The remainder term ($\delta_{n+1}$) above can also be expressed in the form given by Lagrange (in 1797)

\[\delta_{n+1} = \dfrac{1}{(n+1)!}f^{(n+1)}(c)x^{n+1},\quad \mbox{for some c between 0 and x}.\]

This immediately allows us to establish the upper bound

\[| \delta_{n+1}(x) |\leq \dfrac{K x^{n+1}}{(n+1)!},\]

where

\[K\equiv\max_{0\leq t\leq x}|f^{(n+1)}(t)|.\]

If $f$ is infinitely differentiable on $I$, then

\[f(x) = \sum_{k=0}^n\dfrac{1}{k!}f^{(k)}(0)x^k+\delta_{n+1}(x)\,\quad x\in I,\]

for all positive integers $n$. If for such infinitely differentiable function $\delta_{n+1}(x)\to{0}$ as $n\to\infty$ for each each $x\in I$, then

\[\sum_{k=0}^n\dfrac{1}{k!}f^{(k)}(0)x^k\to f(x),\quad\mbox{as }n\to\infty,\]

which is the same as

\[f(x) = \sum_{k=0}^\infty\dfrac{1}{k!}f^{(k)}(0)x^k. \tag{1}\]

In this case we say that $f(x)$ can be expanded as a Taylor series in $x$ at the origin. The name Maclaurin is often attached to such series (although Taylor considered them some twenty years before Maclaurin). Since we only need series expansions near the origin, we will refer to (1) as a Maclaurin series.

A lot of things can go wrong with this result, and its validity hinges upon several conditions being met. For example, if the sequence of numbers $f^{(n)}(0)$ ($n\geq{1}$) grows too quickly, it is possible that the right-hand side of (1) converges nowhere. This would be the case of a function for which $f^{(n)}(0) = (n!)^2$ for all $n\geq{1}$. As can be easily confirmed by the ratio test, the series

\[\sum_{k=0}^{\infty} n! x^n\]

has a radius of convergence equal to $0$, so for such functions (1) is meaningless.

It can also happen that a function may be defined on $I\equiv (-\alpha,\alpha)$, with $\alpha>0$, and have a Maclaurin series which converges on $I$ without the two being equal on $I$. A classic example is the function

\[f(x) =\begin{cases} 0\quad &\mbox{if}\quad x=0,\\ {}\quad &{}\\ {\mathrm{e}}^{-1/x^2}\quad &\mbox{if}\quad x\neq{0}; \end{cases}\]

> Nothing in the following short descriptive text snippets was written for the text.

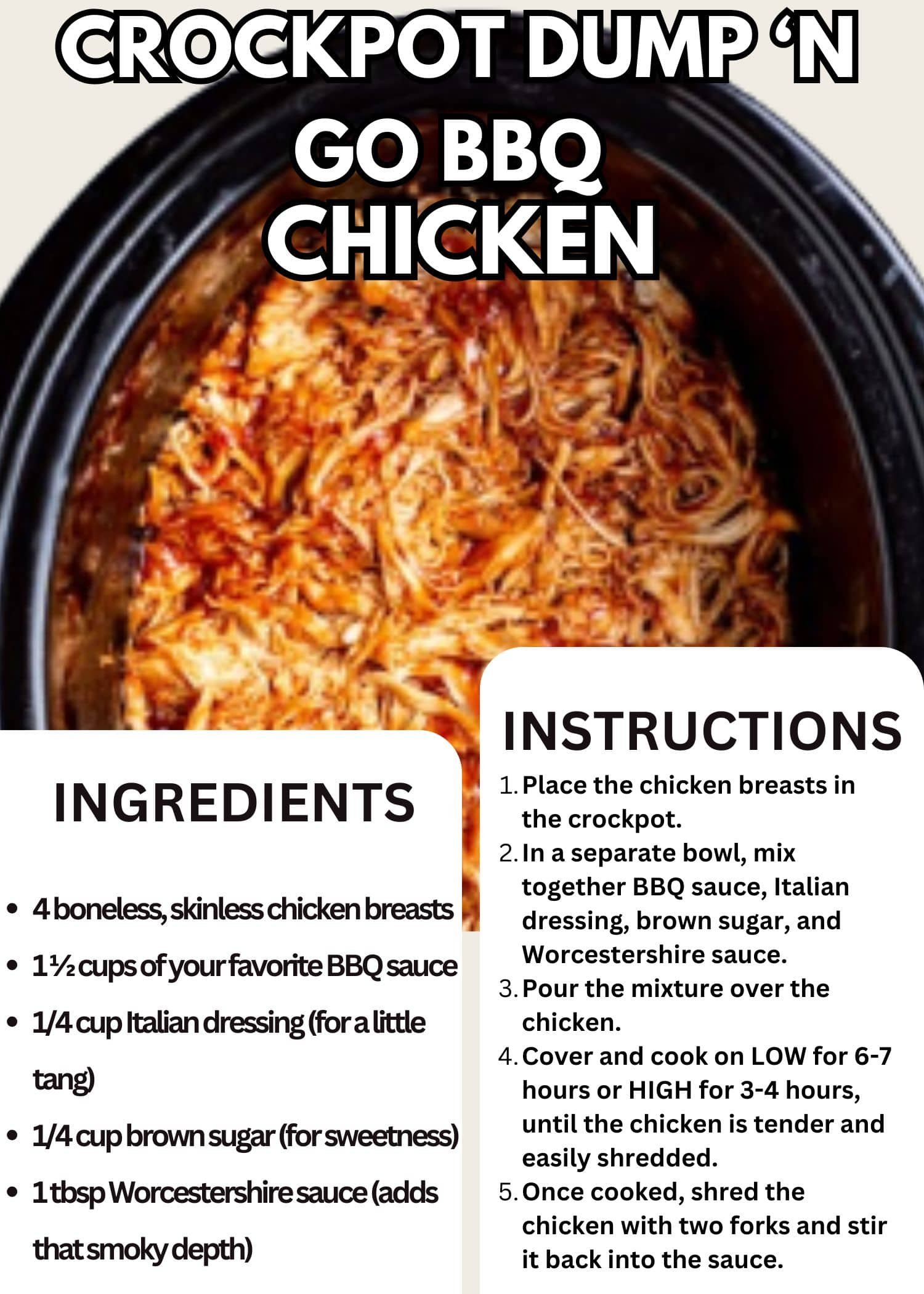 Crockpot dump'n go BBQ chicken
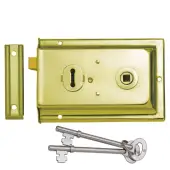 1031EB - Spira Brass Fluted Rim Lock - Electro Brass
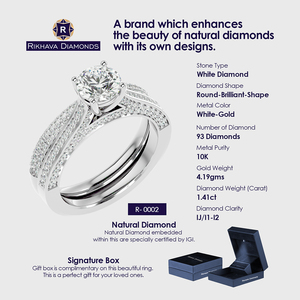 La mejor moda Rikhava diamantes naturales solitario anillo 10K oro blanco joyería de mujer de alta calidad a precio - Product Image 3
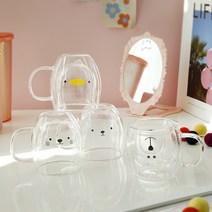 손잡이 곰돌이 유리컵 플랫화이트잔 이중내열유리컵, 오리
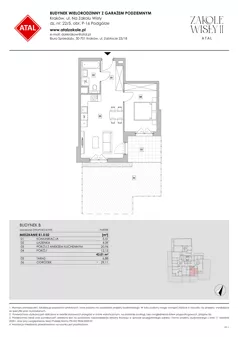 2 pokoje, mieszkanie 43,01 m², parter, oferta nr B1.0.02, Zakole Wisły II, Kraków, Podgórze, ul. Na Zakolu Wisły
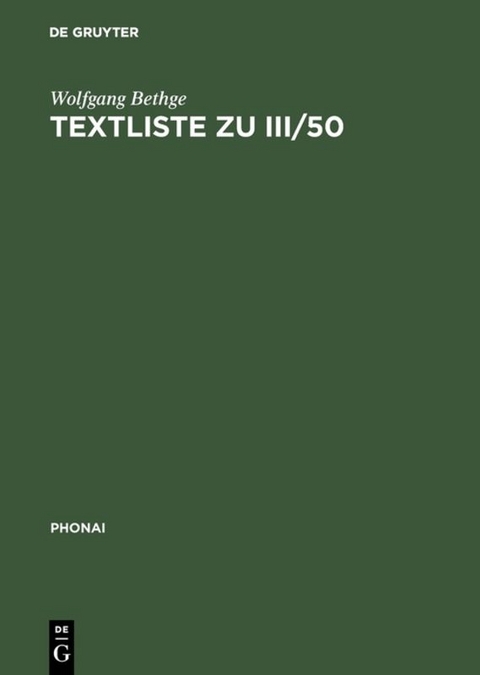 Textliste zu III/50 - Wolfgang Bethge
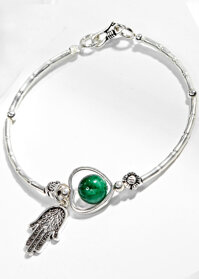 Vòng Tay Bạc 1 Hạt Đá Cẩm Thạch Phối Charm Bàn Tay Hamsa Bạc Ngọc Quý Gemstones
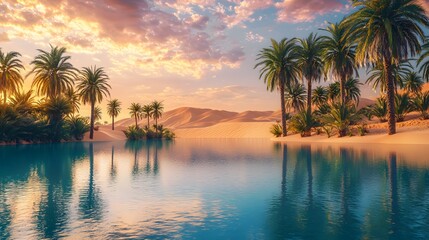 Tranquil oasis at sunset desert landscape photography serene environment wide angle view nature's beauty unveiled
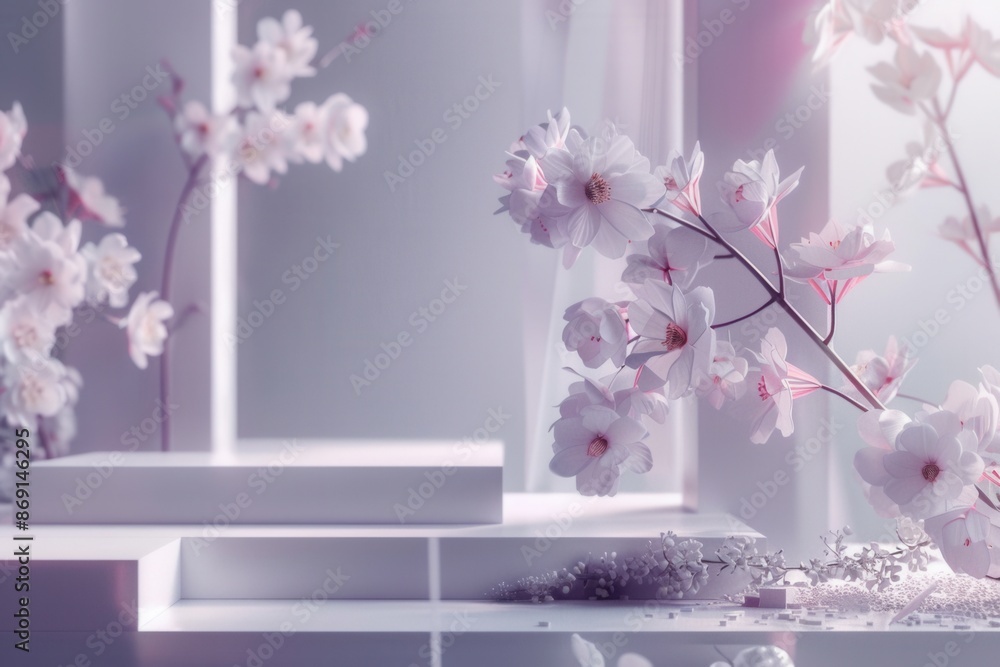 Poster A close-up image featuring geometric floral patterns on a white platform, creating a contemporary and clean aesthetic. Generative AI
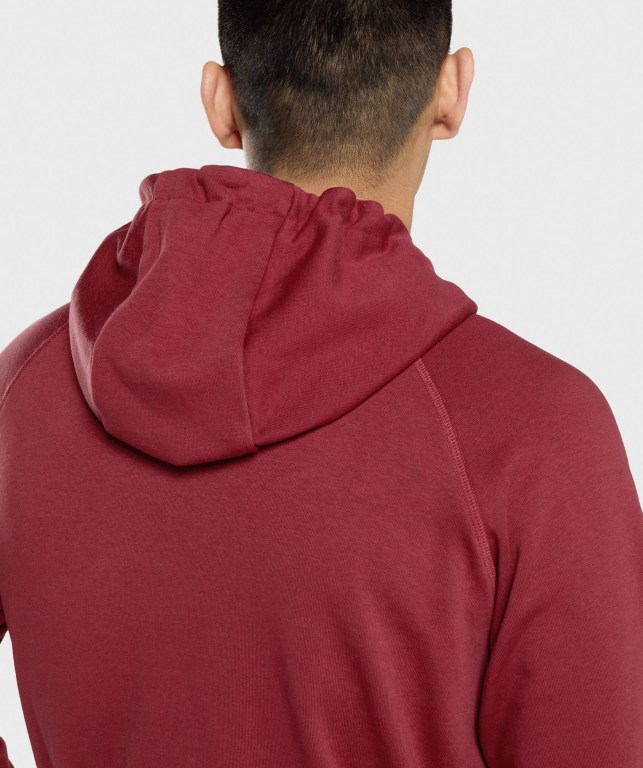 Gymshark GSLC Collegiate Kapüşonlu Sweatshirt Erkek Bordo | 587-FMGZXR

in this case, the function is defined and its Maclaurin series converges on $\mathbb{R}$ but the two are not equal except at $0$.

There are several take-away points from this brief discussion:

  1. trying to approximate an unknown function $f(x)$ by a polynomial in $x$, as in Taylor’s Theorem, can occasionaly be “risky”; it might or it might not work (this is very problem-dependent, so the outlook is still bright);
  2. Taylor’s theorem (the expansion with the remainder) is applicable in general, and does not require the function to be infinitely differentiable.

By way of example, let us look more closely to the Maclaurin expansion of a standard function, the usual hyperbolic cosine $f(x)\equiv\cosh(x)$; for $x$ close to $0$, Taylor’s Theorem gives

\[\cosh(x) = 1+\dfrac{x^2}{2!} + \dfrac{x^4}{4!} + \dfrac{x^6}{6!}+\dots. \tag{2}\]

When $x$ is fixed at a specific value ($x=a$, say), the right-hand side of (2) can be thought of as an estimate for the value $f(a)\equiv\cosh(a)$ if we keep only a finite number of terms on the right-hand side in

\[\cosh(a) = 1+\dfrac{a^2}{2!} + \dfrac{a^4}{4!} + \dfrac{a^6}{6!}+\dots.\]

The sum gets arbitrarily close to $\cosh(a)$ as we increase the number of terms on the right-hand side because the corresponding series is convergent. A visual illustration of this convergence is included below; the graph of the $\cosh$ function is compared against three different approximations obtained by suitably truncating the right-hand side in (2). Near the origin, all three approximate expressions seem acceptable, but the accuracy of the two-term approximation deteriorates rapidly as we move away from that point (e.g., $a\simeq{3.5}$).

pertubations

Asymptotic series/expansions

Asymptotic expansions share several common features with the Macalurin series reviewed in the previous section, although there are two key differences: the former are not required to be convergent; also, more often than not asymptotic expansions involve negative and fractional powers. Our immediate goal is to describe the nature of an asymptotic series (albeit a particular class of these mathematical objects) by using an elementary example; we choose the function $\sin(x)$, which admits the convergent Maclaurin series

asymptotic_1

$x$ has been replaced by $\varepsilon$, a small positive number (something we normally indicate by writing $0<\varepsilon\ll{1}$).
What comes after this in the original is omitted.